Carefully cross the A16 and go through a gap in metal railings ahead; keep a hedge on the left and after five yards turn left through a wooden clappergate into a field. Cross this field, aiming for another clappergate in the far right-hand corner. Go through this second clappegate and turn left to go through a very rough, overgrown area. It reaches a plank footbridge and another wooden clappergate; go through this and continue on uphill along a footpath with a hedge and fence on the left. Pass a little wooden hut on the right to reach a stile in the upper left-hand corner of the field that leads onto a road called First Drift.

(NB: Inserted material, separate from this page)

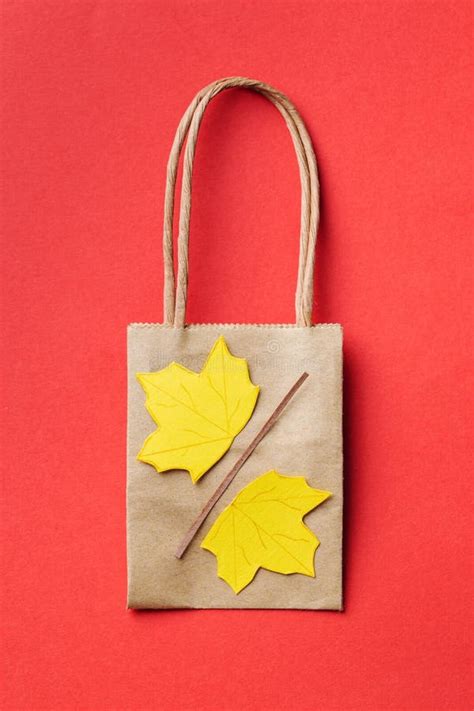 Small Paper Bags With Paper Craft Maple Leaves Autumn Sale Concept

Turn left and follow First Drift eastwards for a short distance until it ends at the B1081 road. Carefully cross the main road to reach the pavement on the other side, and then turn right to continue uphill for a third of a mile with a large stone wall on the left. When a gateway leading into a golf course is reached turn left through it. Follow the trail along a surfaced track across a golf course through Burghley Park; the route is easy to follow and is well waymarked.

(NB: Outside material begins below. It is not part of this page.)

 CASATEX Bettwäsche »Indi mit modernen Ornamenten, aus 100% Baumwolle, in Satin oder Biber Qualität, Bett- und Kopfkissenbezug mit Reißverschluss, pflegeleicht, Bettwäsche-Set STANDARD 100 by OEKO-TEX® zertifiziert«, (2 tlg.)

After half a mile it reaches a large stone gateway on the left. Ignore the tracks going off on either side and continue along the track as it curves to the left. Just before a cattle grid turn right over a stile and head on, keeping a hedge and some scrub woodland to the right. The path across the Burghley estate is usefully marked by a series of wooden posts with yellow blazes at the top. Cross a stile over an electric fence and turn half-left, still following the posts. It should be noted that the fence and hedge lines in the estate may change at any time.
At the end of this field continue straight on along a track that heads through a patch of woodland. It emerges from the trees into a long field with a hedge on the left. At the end of this field squeeze through a hedge and continue straight on for a short distance across the middle of a third field, aiming for the top right-hand corner. Here the path squeezes through a gap in a fence to reach a bend in a road at TF066044.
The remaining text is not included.